Florence after the black plague
By Professor Dorsey Armstrong, Ph.D., Purdue University
Florence was particularly affected by the Black Death. To restore production to one of Florence’s most important exports: brought in workers from out of town, who were well paid, but had no say in government. This latent discontent, along with attempts by the Florentine government to re-impose pre-plague social structures, led to the Ciompi revolt.
The naked man
The production of wool in Florence was a multi-step process that involved both skilled and unskilled workers, some of whom were represented by powerful guilds and some of whom had no say in city government. After the first wave of the plague passed, Florence desperately sought to generate income by increasing her wool production and bringing it back to pre-plague levels. To do this, she needed more workers and she found them in the countryside.

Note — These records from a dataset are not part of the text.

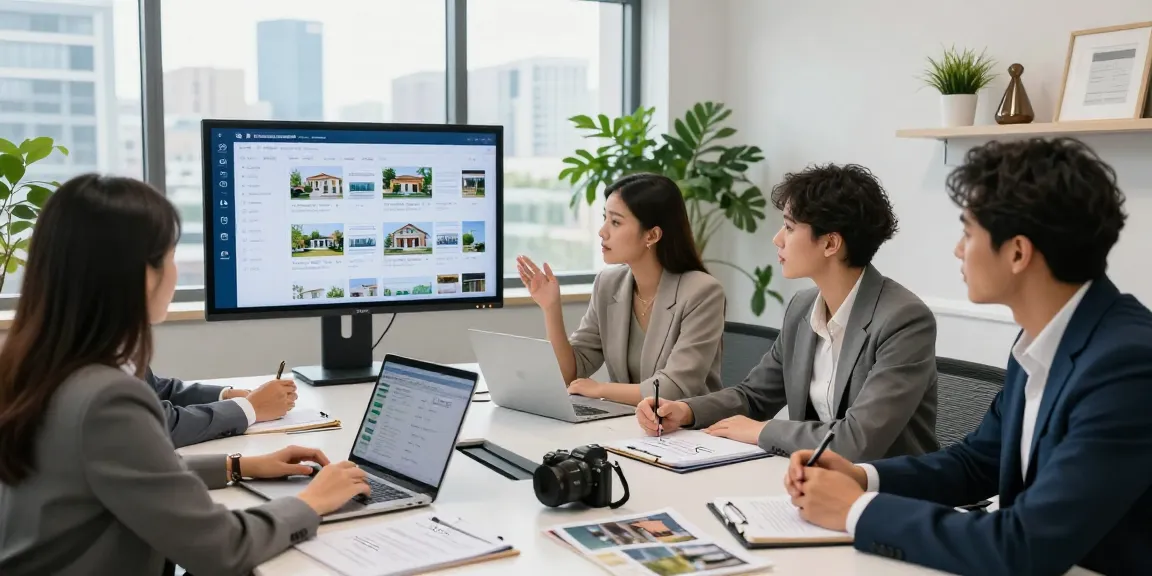 Woning Unie real estate agents collaborating on property listings in a modern office setting.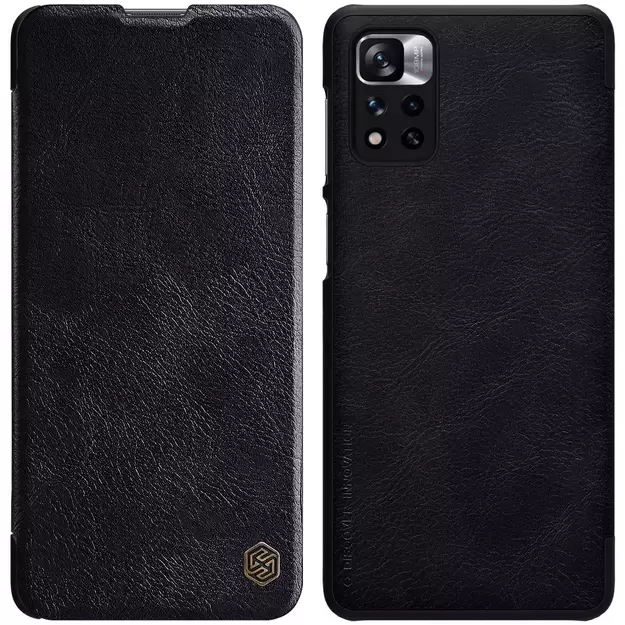 Nillkin Qin Case Case for Xiaomi Redmi Note 11 Pro+ (China) / Redmi Note 11 Pro (China) / Mi11i HyperCharge Camera Protector Holster Cover Flip Case Black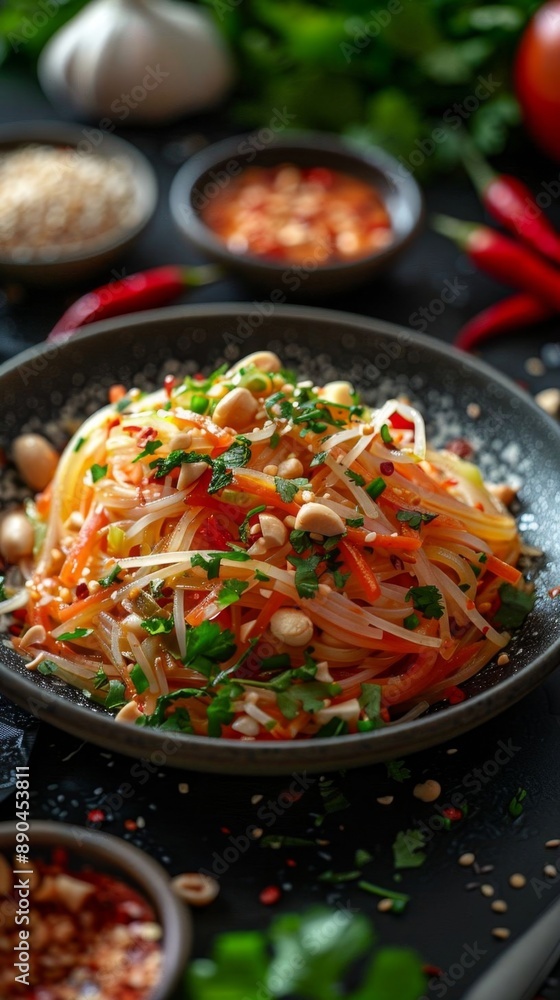 A vibrant plate of Thai Som Tum (Green Papaya Salad) garnished with peanuts, cilantro, and sesame seeds, surrounded by fresh ingredients. A vibrant plate of Thai Som Tum (Green Papaya Salad) garnished with peanuts, cilantro, and sesame seeds, surrounded by fresh ingredients.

In 1346, the medieval world was experiencing a demographic crisis, which meant people were grateful for any sort of work and stable income they could find. But in the post-plague world, when workers were suddenly in demand, this group thought maybe they should be treated a little better.
Thus, these workers – who were mostly immigrants to Florence – were able to earn a living economically and rapidly increased in terms of power and status. They came to be called the naked man– or new people – and even though they gained some wealth, they couldn’t manage any sort of presence in local government because it was a position reserved for those of aristocratic status.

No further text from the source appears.